NEW YORK (AP)
Crude oil futures declined yesterday drifting from 11-month closing highs on suggestions that OPEC may increase its output.
Hasan Qabazard, research director of the Organisation of Petroleum Exporting Countries, told Dow Jones Newswires he thinks oil is fairly valued at US$60 to US$65 a barrel, leading some to conclude the cartel may be open to reversing its long-held position that oil supplies are adequate.
"I'm shocked, they had a sudden change of heart," Phil Flynn, an analyst with Alaron Trading Corp. in Chicago, said of OPEC.
The resumption of exports at a key Angolan oil facility also weighed on prices.
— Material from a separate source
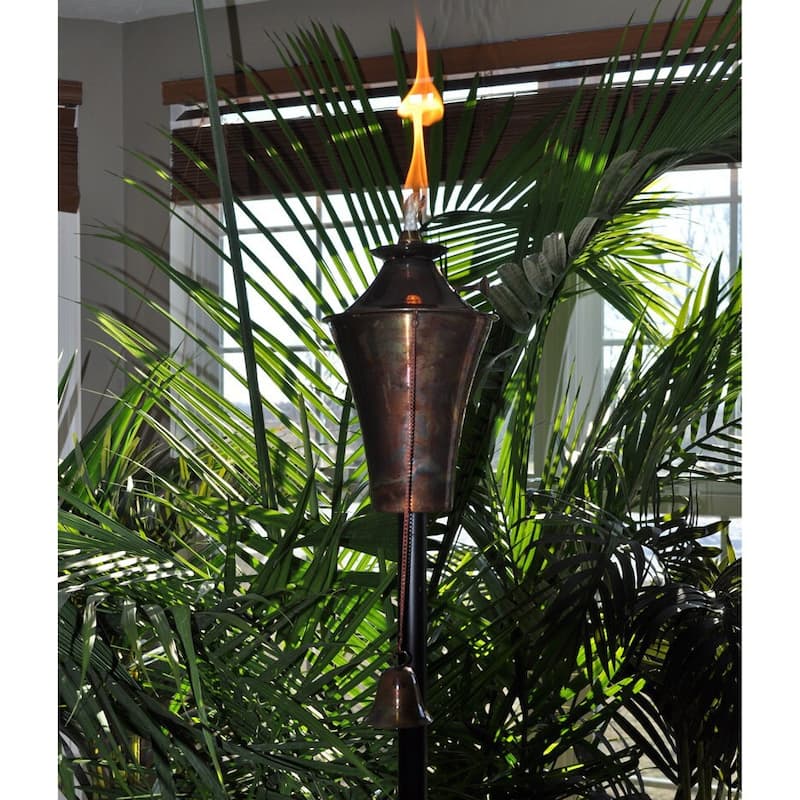 Kona Deluxe Garden Torches (Set of 2) - Kona Deluxe Copper Burn Garden Torch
Light, sweet crude for September delivery dropped $1.01 to $74.78 a barrel on the New York Mercantile Exchange. September Brent crude lost $1 to $76.64 a barrel on the ICE Futures exchange in London.
Keeping demand
Natural gas futures fell sharply on the Nymex, tumbling 35.6 cents to $6.09 per 1,000 cubic feet on growing supplies and mild temperatures, which are keeping demand in check. The drop added to last week's 21.6-cent decline, but it was too early to tell if this drop would translate into lower heating costs next winter.
Energy traders were most focused on the prospect that OPEC could boost output, Flynn said. For months, the cartel has maintained that high oil prices are not its fault. Analysts have criticised OPEC for cutting production this year.
Word that Total SA is resuming exports from its 240,000 barrel-a-day Dalia field facility in Angola also put pressure on oil prices.
While Goldman Sachs recently predicted oil prices would go to US$95 a barrel this year, a group of Citigroup analysts on Monday said crude prices are unjustified at their current levels.
"Aside from the usual raft of geopolitical noise, there seems little justification for crude's steady march toward US$80, other than the fulfilment of technical trends," the Citigroup analysts said in a report.
Indeed, evidence emerged Friday that some of the speculative buying that has pushed oil prices higher is ebbing.